- Relator(a)
- Ministro Nefi Cordeiro
- Órgão julgador
- Sexta Turma
- Data do julgamento
- 19/11/2015
- Data de publicação
- 03/12/2015
STJ – Acórdão, Rel. Ministro Nefi Cordeiro, Sexta Turma, j. 19/11/2015, p. 03/12/2015
PENAL E PROCESSUAL PENAL. HABEAS CORPUS SUBSTITUTIVO DE RECURSO ESPECIAL. NÃO CONHECIMENTO DO WRIT. CRIMES DE ROUBO MAJORADOS. TESE DE FRAGILIDADE DA PROVA DO CONCURSO FORMAL. NECESSIDADE DE EXAME APROFUNDADO DA PROVA. VIA IMPRÓPRIA. CONSUMAÇÃO DO DELITO. DESNECESSIDADE DE POSSE TRANQUILA DA RES. DOSIMETRIA. PRETENSÃO DE COMPENSAÇÃO DA REINCIDÊNCIA COM A CONFISSÃO. POSSIBILIDADE. IMPOSIÇÃO DE REGIME MAIS GRAVOSO. PRESENÇA DE FUNDAMENTAÇÃO CONCRETA. HABEAS CORPUS NÃO CONHECIDO. CONCESSÃO DA ORDEM DE OFÍCIO. 1. Ressalvada pessoal compreensão diversa, uniformizou o Superior Tribunal de Justiça ser inadequado o writ em substituição a recursos especial e ordinário, ou de revisão criminal, admitindo-se, de ofício, a concessão da ordem ante a constatação de ilegalidade flagrante, abuso de poder ou teratologia. 2. O exame das alegações de fragilidade das provas para a configuração do concurso formal, na medida em que demanda análise aprofundada do material cognitivo produzido nos autos, mostra-se inviável em habeas corpus.
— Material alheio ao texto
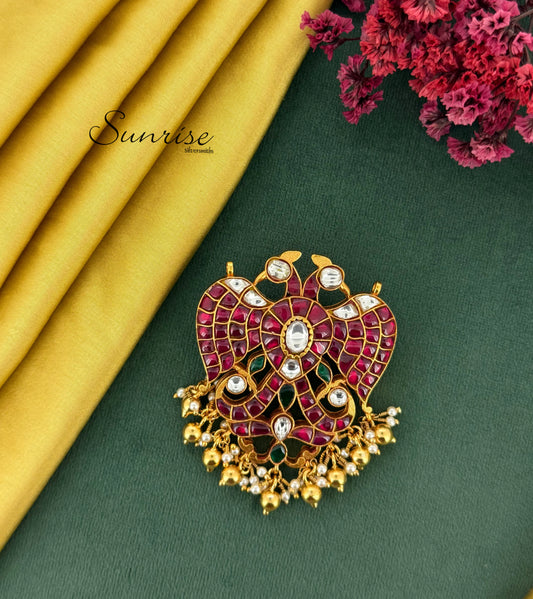 KUNDAN GANDABERUNDA PENDANT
Precedentes. 3. A jurisprudência desta Corte Superior já se consolidou no sentido de que o delito de roubo consuma-se com a simples posse da coisa alheia móvel subtraída, ainda que por breves instantes, sendo desnecessário que o bem saia da esfera de vigilância da vítima. Prescindível, portanto, a posse tranquila do bem, obstada, muitas vezes, pela imediata perseguição policial ou por terceiro. 4. A Terceira Seção, em 23/05/2012, por ocasião do julgamento do EREsp n. 1.154.752/RS, de relatoria do Ministro SEBASTIÃO REIS JÚNIOR, pacificou o entendimento, segundo o qual a atenuante da confissão espontânea, na medida em que compreende a personalidade do agente, deve ser compensada com a agravante da reincidência. Precedentes. 5. Justifica-se a imposição do regime prisional mais gravoso, ainda que estabelecida a pena-base no mínimo legal ao réu primário, quando presentes fundamentos que desbordam da gravidade abstrata, e das circunstâncias comuns à espécie, evidenciando a especial reprovabilidade da conduta praticada. Precedentes. 6. Habeas corpus não conhecido. Ordem concedida de ofício para reduzir as penas do paciente RENE para 6 anos, 2 meses e 20 dias, de reclusão, e 15 dias-multa. (HC n. 209.582/SP, relator Ministro Nefi Cordeiro, Sexta Turma, julgado em 19/11/2015, DJe de 3/12/2015.)